[Short text fragments from websites]
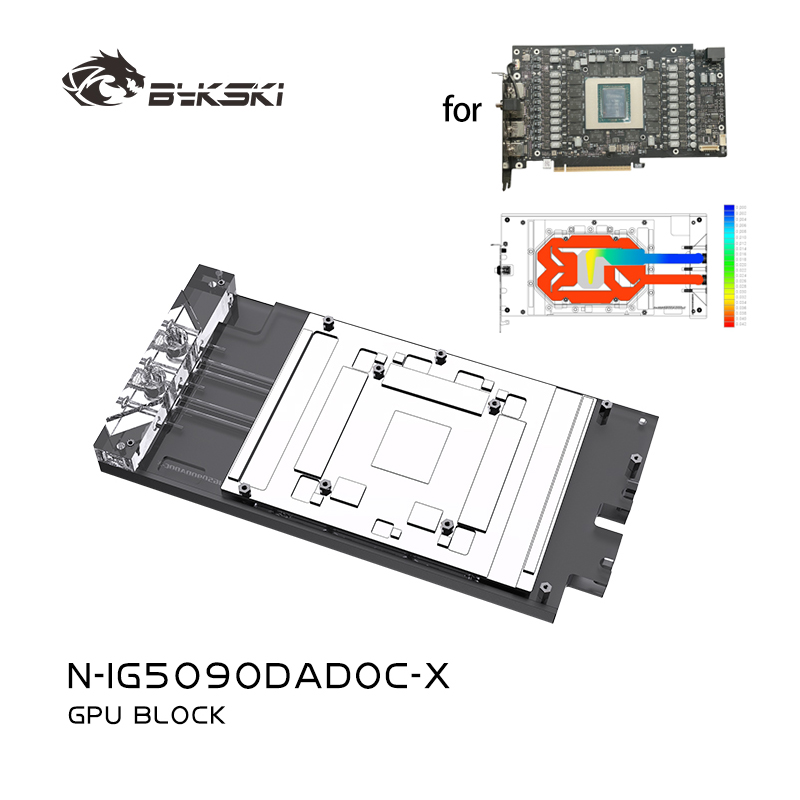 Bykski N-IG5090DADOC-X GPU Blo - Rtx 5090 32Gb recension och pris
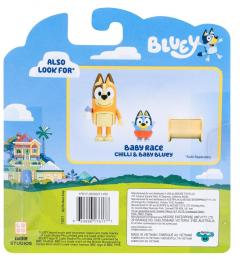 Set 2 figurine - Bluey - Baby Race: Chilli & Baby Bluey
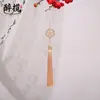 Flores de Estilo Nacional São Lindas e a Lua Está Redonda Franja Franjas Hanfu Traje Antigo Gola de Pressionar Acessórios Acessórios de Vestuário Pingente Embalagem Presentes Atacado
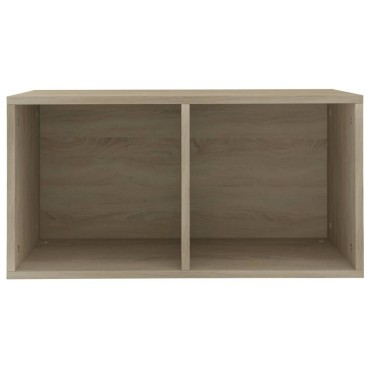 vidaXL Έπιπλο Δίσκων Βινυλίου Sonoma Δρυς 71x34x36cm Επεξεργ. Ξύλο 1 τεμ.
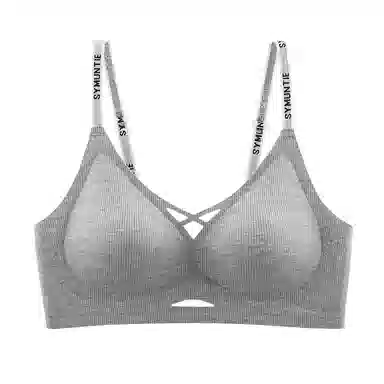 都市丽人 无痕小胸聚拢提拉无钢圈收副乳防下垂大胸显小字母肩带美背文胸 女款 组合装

Requirement:
The answer is every line of the data, exactly as written, with the pictures dropped.

Answer below:
 Bykski N-IG5090DADOC-X GPU Blo - Rtx 5090 32Gb recension och pris
 Set 2 figurine - Bluey - Baby Race: Chilli & Baby Bluey
 Flores de Estilo Nacional São Lindas e a Lua Está Redonda Franja Franjas Hanfu Traje Antigo Gola de Pressionar Acessórios Acessórios de Vestuário Pingente Embalagem Presentes Atacado
 vidaXL Έπιπλο Δίσκων Βινυλίου Sonoma Δρυς 71x34x36cm Επεξεργ. Ξύλο 1 τεμ.
 都市丽人 无痕小胸聚拢提拉无钢圈收副乳防下垂大胸显小字母肩带美背文胸 女款 组合装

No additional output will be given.